- Exercise directions
Locate every line in the records below that contains the word "Package", and copy each one.

[Records from a collection]

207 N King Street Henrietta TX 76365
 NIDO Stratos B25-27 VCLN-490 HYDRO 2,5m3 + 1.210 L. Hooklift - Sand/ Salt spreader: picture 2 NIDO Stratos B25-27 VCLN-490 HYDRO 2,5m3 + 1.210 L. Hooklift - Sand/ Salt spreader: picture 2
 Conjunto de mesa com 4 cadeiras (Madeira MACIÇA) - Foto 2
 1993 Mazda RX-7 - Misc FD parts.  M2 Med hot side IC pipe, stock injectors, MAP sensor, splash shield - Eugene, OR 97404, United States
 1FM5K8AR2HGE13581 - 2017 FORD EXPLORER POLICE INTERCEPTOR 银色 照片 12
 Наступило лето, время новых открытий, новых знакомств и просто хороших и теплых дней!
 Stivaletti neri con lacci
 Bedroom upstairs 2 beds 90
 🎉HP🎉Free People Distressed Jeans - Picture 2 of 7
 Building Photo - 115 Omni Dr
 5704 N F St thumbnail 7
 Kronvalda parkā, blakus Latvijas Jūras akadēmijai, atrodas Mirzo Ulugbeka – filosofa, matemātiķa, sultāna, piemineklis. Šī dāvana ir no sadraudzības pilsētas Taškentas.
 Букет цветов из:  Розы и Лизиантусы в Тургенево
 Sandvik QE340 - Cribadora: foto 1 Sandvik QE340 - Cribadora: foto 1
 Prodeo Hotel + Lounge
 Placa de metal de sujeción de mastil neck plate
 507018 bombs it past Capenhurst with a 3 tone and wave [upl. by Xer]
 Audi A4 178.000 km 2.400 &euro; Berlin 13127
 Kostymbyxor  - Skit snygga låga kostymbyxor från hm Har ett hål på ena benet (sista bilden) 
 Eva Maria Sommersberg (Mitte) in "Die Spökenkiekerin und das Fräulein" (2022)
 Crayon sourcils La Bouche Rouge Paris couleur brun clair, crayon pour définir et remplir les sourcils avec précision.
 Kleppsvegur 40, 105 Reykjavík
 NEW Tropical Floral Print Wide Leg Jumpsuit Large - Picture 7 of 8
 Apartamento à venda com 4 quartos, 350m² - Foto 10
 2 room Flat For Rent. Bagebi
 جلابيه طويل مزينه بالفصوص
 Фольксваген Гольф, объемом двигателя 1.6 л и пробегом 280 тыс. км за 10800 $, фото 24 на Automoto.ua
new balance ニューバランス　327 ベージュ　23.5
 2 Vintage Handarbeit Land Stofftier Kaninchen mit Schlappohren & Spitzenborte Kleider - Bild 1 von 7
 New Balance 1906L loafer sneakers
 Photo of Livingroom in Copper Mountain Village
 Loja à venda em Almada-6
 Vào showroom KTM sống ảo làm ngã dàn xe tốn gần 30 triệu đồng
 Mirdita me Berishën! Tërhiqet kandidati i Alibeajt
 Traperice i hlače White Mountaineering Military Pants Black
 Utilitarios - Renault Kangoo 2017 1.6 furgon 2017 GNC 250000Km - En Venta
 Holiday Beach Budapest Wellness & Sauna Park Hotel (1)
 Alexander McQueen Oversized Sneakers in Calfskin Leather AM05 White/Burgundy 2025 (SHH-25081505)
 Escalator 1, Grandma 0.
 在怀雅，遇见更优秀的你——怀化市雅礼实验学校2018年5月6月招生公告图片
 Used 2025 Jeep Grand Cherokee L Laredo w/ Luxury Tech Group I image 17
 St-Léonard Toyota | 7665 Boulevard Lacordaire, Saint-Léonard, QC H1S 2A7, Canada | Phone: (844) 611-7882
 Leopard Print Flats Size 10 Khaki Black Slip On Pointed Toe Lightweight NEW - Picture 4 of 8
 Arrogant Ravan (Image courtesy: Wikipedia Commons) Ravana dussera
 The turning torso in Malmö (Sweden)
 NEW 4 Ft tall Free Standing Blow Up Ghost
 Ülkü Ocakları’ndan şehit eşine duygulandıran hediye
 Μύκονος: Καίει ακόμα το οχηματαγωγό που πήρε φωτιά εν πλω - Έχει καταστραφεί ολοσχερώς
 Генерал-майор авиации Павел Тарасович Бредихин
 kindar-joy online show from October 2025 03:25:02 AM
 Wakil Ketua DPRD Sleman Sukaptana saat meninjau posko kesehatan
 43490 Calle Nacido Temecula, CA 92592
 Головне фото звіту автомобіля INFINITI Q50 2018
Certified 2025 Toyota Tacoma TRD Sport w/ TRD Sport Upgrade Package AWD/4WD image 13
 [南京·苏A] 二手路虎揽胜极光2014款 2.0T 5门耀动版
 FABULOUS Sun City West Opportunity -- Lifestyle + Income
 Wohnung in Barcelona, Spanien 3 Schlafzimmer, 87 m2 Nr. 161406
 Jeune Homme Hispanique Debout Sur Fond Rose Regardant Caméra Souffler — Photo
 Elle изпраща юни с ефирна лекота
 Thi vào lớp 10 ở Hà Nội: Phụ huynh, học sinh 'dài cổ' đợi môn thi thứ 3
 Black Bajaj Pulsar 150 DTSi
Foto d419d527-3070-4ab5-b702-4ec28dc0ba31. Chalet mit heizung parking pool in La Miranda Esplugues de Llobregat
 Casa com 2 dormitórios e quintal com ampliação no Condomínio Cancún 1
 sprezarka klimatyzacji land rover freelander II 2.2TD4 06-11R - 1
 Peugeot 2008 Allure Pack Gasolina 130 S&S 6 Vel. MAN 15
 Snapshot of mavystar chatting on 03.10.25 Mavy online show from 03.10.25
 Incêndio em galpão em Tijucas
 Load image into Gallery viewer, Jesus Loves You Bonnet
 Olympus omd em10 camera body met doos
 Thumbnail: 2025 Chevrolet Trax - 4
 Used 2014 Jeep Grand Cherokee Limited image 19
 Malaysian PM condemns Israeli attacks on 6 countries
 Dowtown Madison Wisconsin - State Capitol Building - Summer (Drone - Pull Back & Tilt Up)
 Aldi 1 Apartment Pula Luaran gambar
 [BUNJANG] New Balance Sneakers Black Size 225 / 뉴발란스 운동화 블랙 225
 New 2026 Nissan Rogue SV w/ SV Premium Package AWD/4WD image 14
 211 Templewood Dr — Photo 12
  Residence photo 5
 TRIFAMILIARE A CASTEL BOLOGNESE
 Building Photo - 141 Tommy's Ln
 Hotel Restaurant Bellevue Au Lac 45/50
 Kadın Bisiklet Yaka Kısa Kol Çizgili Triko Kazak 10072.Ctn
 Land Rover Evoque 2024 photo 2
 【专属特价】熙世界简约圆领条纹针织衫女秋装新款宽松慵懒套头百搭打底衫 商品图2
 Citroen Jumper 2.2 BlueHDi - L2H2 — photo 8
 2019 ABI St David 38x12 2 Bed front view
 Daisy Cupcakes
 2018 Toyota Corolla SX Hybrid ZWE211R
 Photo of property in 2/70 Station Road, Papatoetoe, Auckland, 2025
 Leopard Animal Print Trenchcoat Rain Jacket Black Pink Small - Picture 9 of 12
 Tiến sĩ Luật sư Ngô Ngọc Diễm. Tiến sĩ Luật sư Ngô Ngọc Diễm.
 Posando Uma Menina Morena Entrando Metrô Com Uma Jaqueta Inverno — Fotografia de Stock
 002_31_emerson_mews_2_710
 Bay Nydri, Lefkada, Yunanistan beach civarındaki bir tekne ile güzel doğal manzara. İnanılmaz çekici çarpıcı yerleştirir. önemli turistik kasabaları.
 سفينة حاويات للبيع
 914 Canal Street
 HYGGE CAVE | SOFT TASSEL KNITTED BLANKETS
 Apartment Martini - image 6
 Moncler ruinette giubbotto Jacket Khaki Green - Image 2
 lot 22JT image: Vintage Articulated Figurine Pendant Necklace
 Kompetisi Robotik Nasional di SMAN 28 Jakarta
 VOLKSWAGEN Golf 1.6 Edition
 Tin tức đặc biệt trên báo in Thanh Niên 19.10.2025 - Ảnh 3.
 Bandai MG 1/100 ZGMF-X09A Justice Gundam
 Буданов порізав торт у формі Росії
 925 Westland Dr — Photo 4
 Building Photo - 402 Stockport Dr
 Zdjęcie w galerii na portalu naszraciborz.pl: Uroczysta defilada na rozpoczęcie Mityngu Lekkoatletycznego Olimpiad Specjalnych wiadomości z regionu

- Written answer
Certified 2025 Toyota Tacoma TRD Sport w/ TRD Sport Upgrade Package AWD/4WD image 13
 New 2026 Nissan Rogue SV w/ SV Premium Package AWD/4WD image 14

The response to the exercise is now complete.